Many patterns of Nature are so irregular and fragmented, that, compared with Euclid — a term used in this work to denote all of standard geometry — Nature exhibits not simply a higher degree but an altogether different level of complexity … The existence of these patterns challenges us to study these forms that Euclid leaves aside as being "formless," to investigate the morphology of the "amorphous." - Benoit Mandelbrot, as quoted in a review of The Fractal Geometry of Nature by J. W. Cannon in The American Mathematical Monthly, Vol. 91, No. 9 (November 1984), p. 594Artificial intelligence requires a new way of thinking about both Nature and computation. Alpha Zero has demonstrated a fundamentally new form of chess playing that did not exist before. Its style of play has been described as alien, resembling neither the style of human play nor the style of classical machine play.

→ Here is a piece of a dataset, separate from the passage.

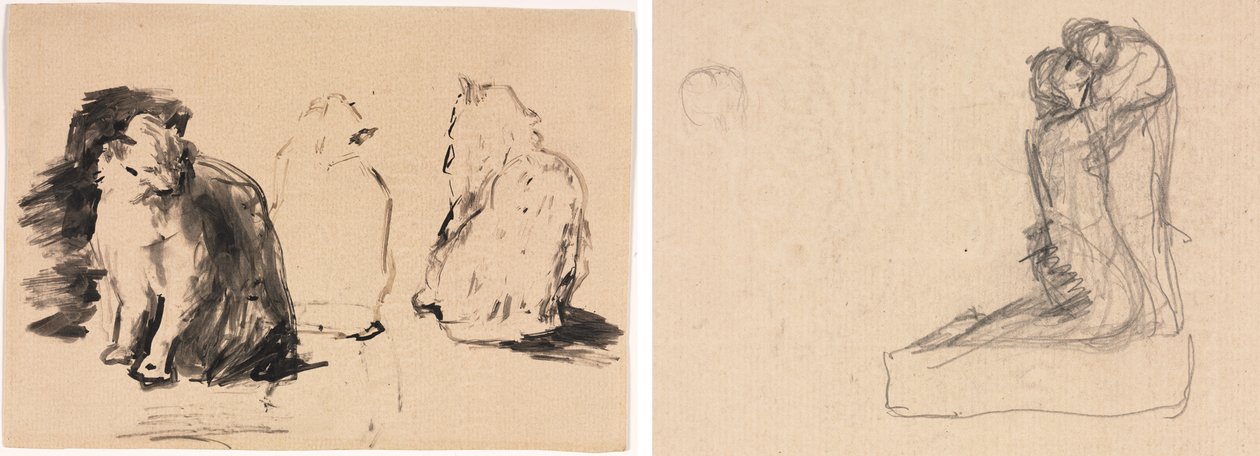 Cats (recto); Sketch of Two Figures Embracing (verso) by Theodule Ribot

Fuzzy set theory (or fuzzy logic) is an alternative approach to standard set theory or "crisp" set theory. With fuzzy sets, every element in the universe of discussion has a "degree of set membership" in one or more sets. The degree of membership is a value between 0 and 1 that can, under certain conditions, be interpreted as a probability (it is a mistake to treat degree of set membership as identical with probability, however).
Let's consider the category of image-recognition - not merely machine image-recognition but the category, in general (including human or other image-recognition). Let us say we have two large sets of images T and L. T contains images of tigers shot from a wide variety of distances, angles and visual conditions. L has a similarly wide selection of images of lions.
Using T and L as our ground truth, let us randomly select an image from one or the other set and submit this image to a test subject for identification. The test subject can answer "lion," "tiger" or "unknown". When the subject answers "lion" for an image drawn from T - or vice-versa - we can say that this is an error as measured against the ground truth. But sometimes the subject will not be able to make any positive identification, no matter how carefully they attempt to do so - perhaps because the image is too fuzzy or the animal is too distant or the particular angle or image conditions cause the animal's appearance to be equivocal with the appearance of the other animal. From the perspective of the ground truth, "unknown" is always an erroneous response. But this contradicts our intuition that "unknown" is a perfectly reasonable response for cases where the image information required to distinguish an element of one set from the elements of the other (on the basis of the image alone) is lacking. In such cases, "unknown" is the correct answer and an answer of "tiger" or "lion" would be flatly incorrect or, at best, a mere guess.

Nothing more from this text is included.